Exactly transcribe the span of lines from the one containing "DNIDIO Organizador de" through the final line of the entries, inclusive, and nothing outside it. Exclude the pictures.

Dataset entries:
-------
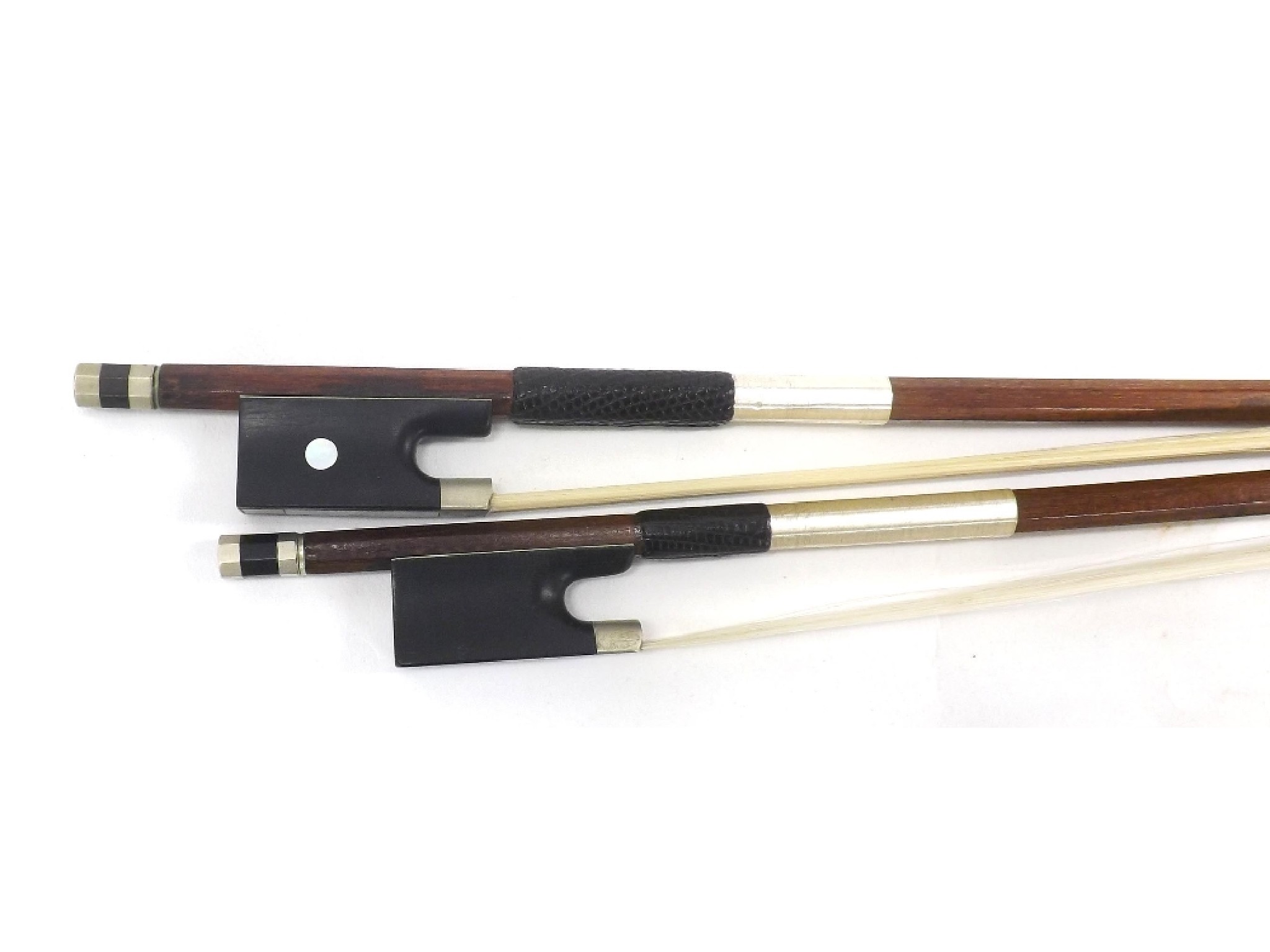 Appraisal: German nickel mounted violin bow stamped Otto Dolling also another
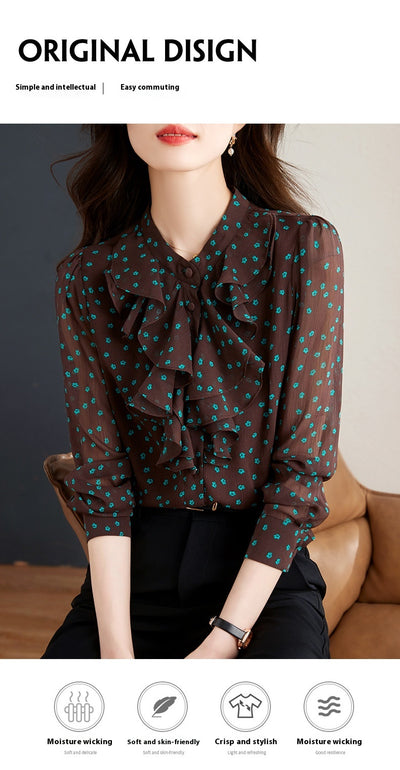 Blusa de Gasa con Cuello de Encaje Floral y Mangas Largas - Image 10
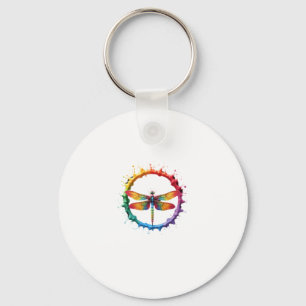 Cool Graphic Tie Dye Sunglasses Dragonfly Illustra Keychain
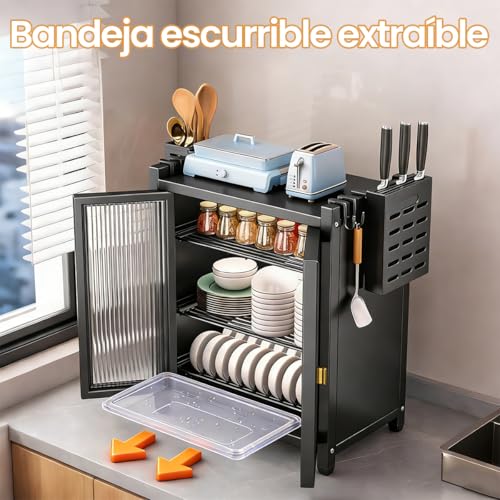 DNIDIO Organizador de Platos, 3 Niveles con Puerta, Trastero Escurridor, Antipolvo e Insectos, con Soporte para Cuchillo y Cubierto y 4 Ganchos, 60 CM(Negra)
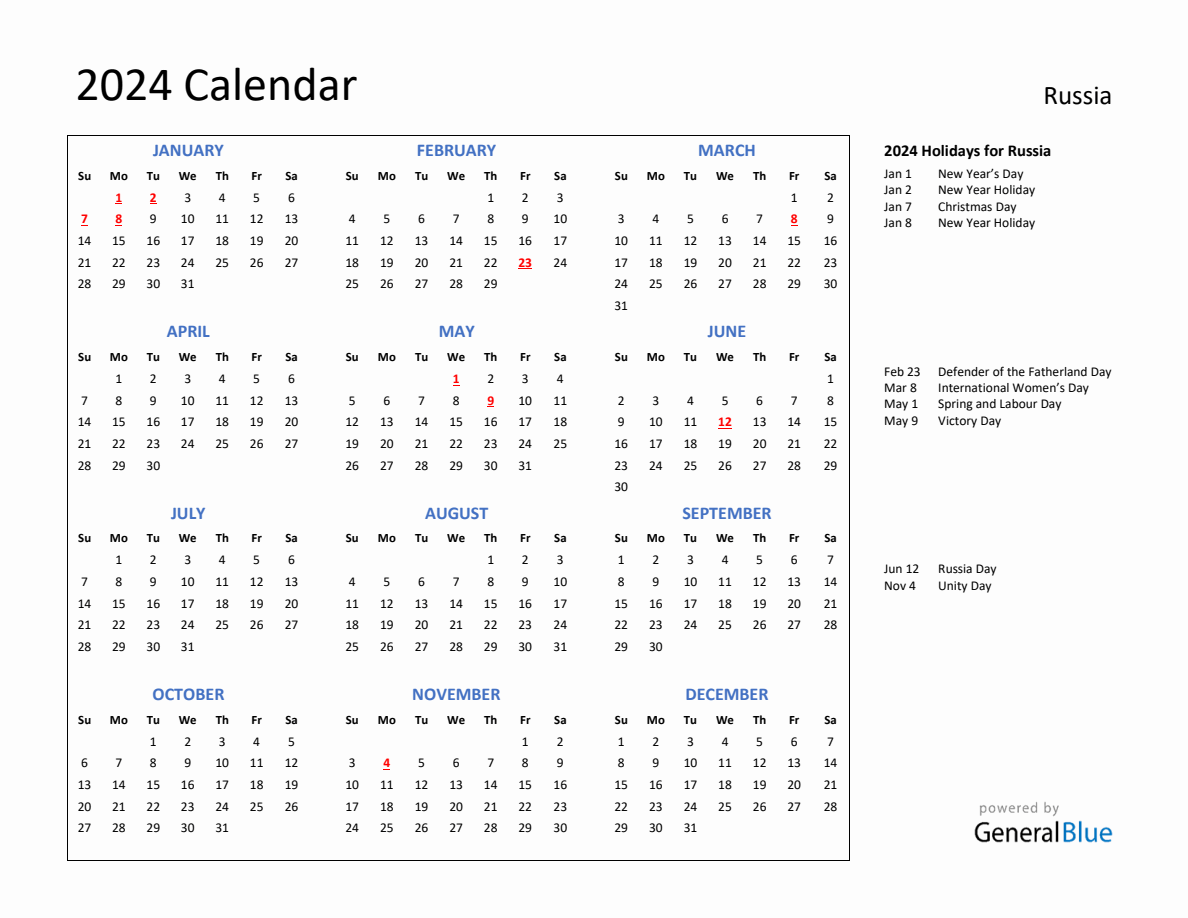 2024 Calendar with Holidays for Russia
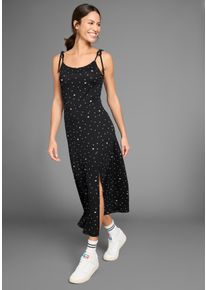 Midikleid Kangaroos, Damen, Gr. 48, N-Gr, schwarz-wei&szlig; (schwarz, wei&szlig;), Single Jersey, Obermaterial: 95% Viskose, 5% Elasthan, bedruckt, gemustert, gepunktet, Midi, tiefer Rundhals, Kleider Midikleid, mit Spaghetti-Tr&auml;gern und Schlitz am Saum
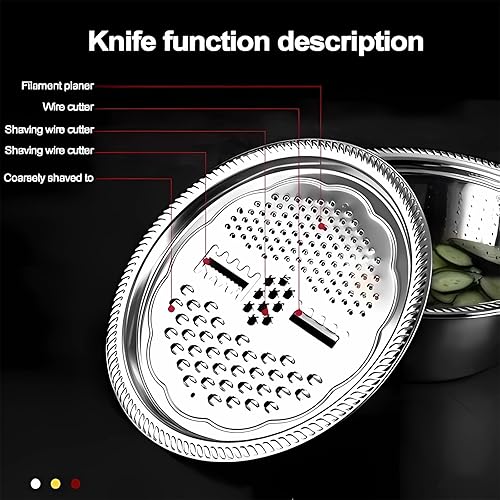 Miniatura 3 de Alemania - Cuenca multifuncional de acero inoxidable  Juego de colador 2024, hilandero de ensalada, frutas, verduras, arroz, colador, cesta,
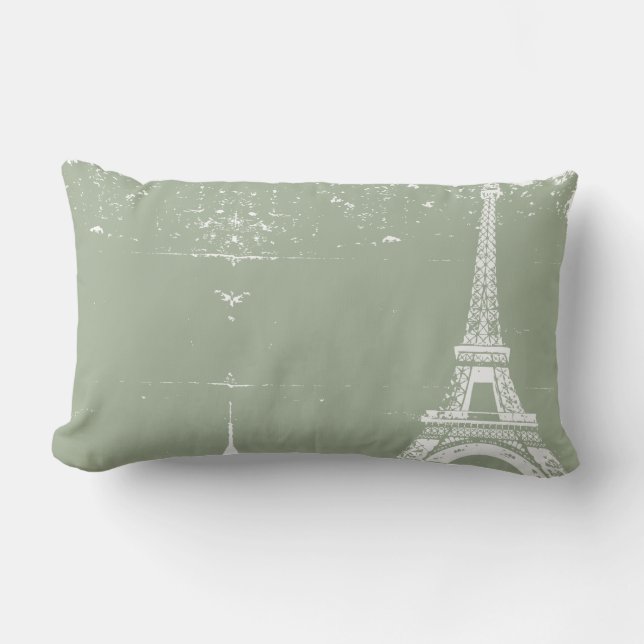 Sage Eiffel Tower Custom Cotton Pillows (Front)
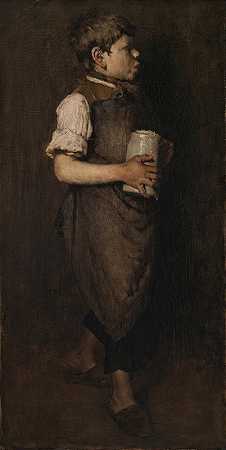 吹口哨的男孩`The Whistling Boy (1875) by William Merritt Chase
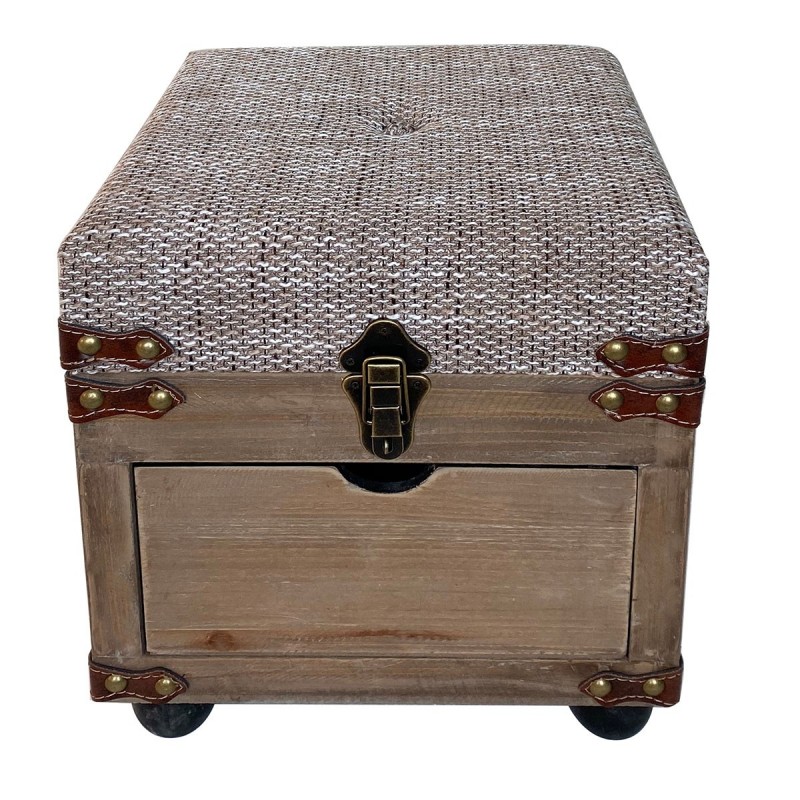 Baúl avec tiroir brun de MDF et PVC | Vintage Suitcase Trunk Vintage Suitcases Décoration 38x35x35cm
-------
§ Solved exercise
 DNIDIO Organizador de Platos, 3 Niveles con Puerta, Trastero Escurridor, Antipolvo e Insectos, con Soporte para Cuchillo y Cubierto y 4 Ganchos, 60 CM(Negra)
 2024 Calendar with Holidays for Russia
 Midikleid Kangaroos, Damen, Gr. 48, N-Gr, schwarz-wei&szlig; (schwarz, wei&szlig;), Single Jersey, Obermaterial: 95% Viskose, 5% Elasthan, bedruckt, gemustert, gepunktet, Midi, tiefer Rundhals, Kleider Midikleid, mit Spaghetti-Tr&auml;gern und Schlitz am Saum
 Miniatura 3 de Alemania - Cuenca multifuncional de acero inoxidable  Juego de colador 2024, hilandero de ensalada, frutas, verduras, arroz, colador, cesta,
 Sage Eiffel Tower Custom Cotton Pillows (Front)
 吹口哨的男孩`The Whistling Boy (1875) by William Merritt Chase
 Baúl avec tiroir brun de MDF et PVC | Vintage Suitcase Trunk Vintage Suitcases Décoration 38x35x35cm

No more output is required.